|By Henry Wadsworth Longfellow
Half a century ago a blacksmith's shop, of the old New England village type, stood in Brattle Street, Cambridge, not far from Longfellow's home. Hundreds of passers-by glanced at the low roof, the grimy smith at his forge, the gazing children at the door, and went their way without giving them a second thought. Not so the poet, Henry Wadsworth Longfellow. He saw love, sorrow, the patience of hope, the strength of duty, all the beauty and tragedy of earnest human loving. The smith and smithy, the sheltering tree, the loitering children, poet and passers-by, alike are gone but it's pictures do not fade and its lessons do not grow old. The Village Blacksmith by Henry Wadsworth Longfellow captures this life with its strength and beauty.
Henry Wadsworth Longfellow (1807-1882), was one of the best loved and most widely read poets in the United States of the 19th century. Born in Portland, Maine, he was educated in private schools. He was a classmate of Nathaniel Hawthorne, at Bowdoin College in Maine.

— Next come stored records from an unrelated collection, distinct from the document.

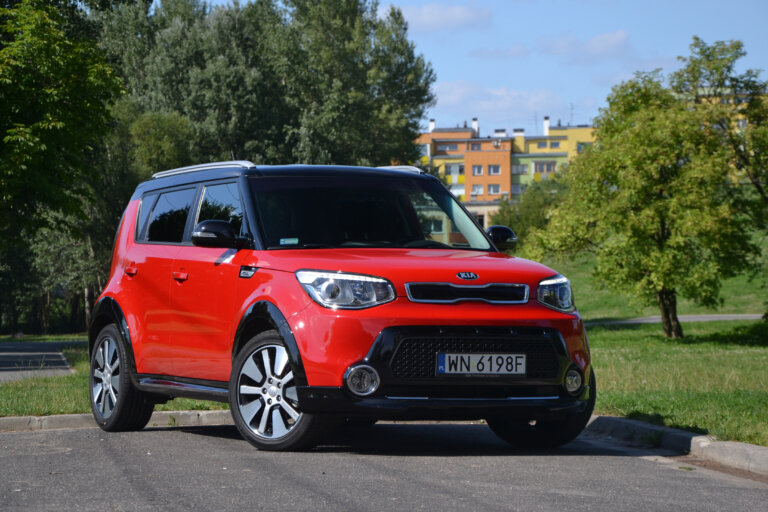 A red Kia Soul compact car is parked outdoors.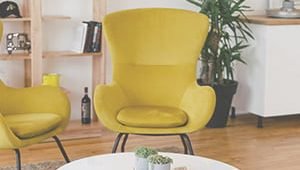 Two yellow chairs in a cosy room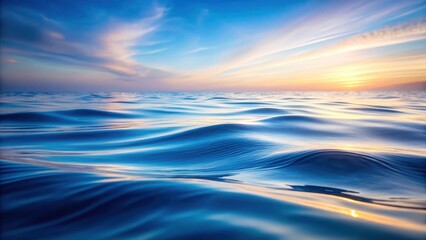 Obraz premium Serene Ocean Waves at Sunset A Captivating View of the Water's Surface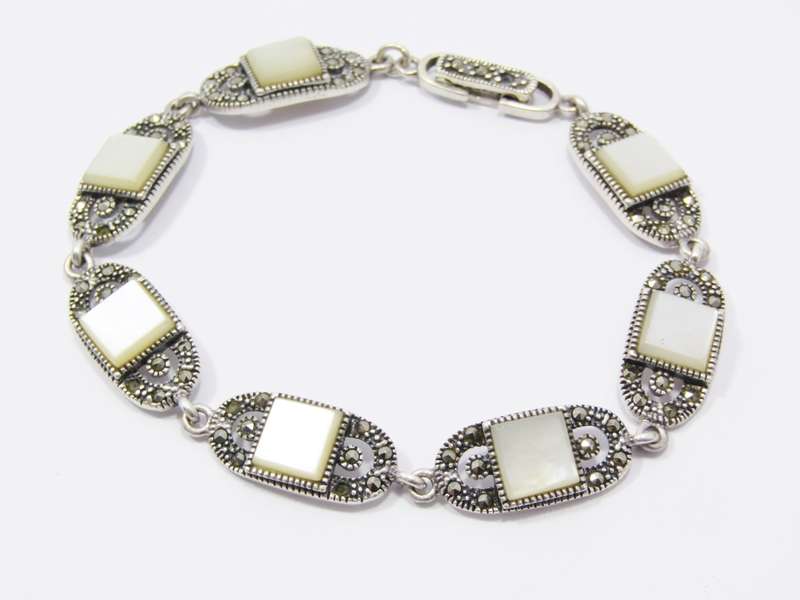 A Lovely Mother of Pearl and Marcasite Bracelet in Sterling Silver.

He graduated in 1825, and then spent three years in Europe visiting France, Italy, Spain, and Germany, studying the languages and literature of these countries preparing for a job teaching modern languages at Bowdoin which was offered to him. He taught there for six years and married in 1831. In 1835 he and his wife traveled to Europe, visiting England, Sweden, Denmark and Holland. In Holland his wife became ill and died. Longfellow began teaching at Harvard in 1836 and for the next 18 years he worked both as a professor and as a writer of books of poetry and prose. "The Village Blacksmtih" was published in 1841.
Longfellow was the first man from the United States to be honored by a monument in Poet's Corner of Westminster Abbey in London, England.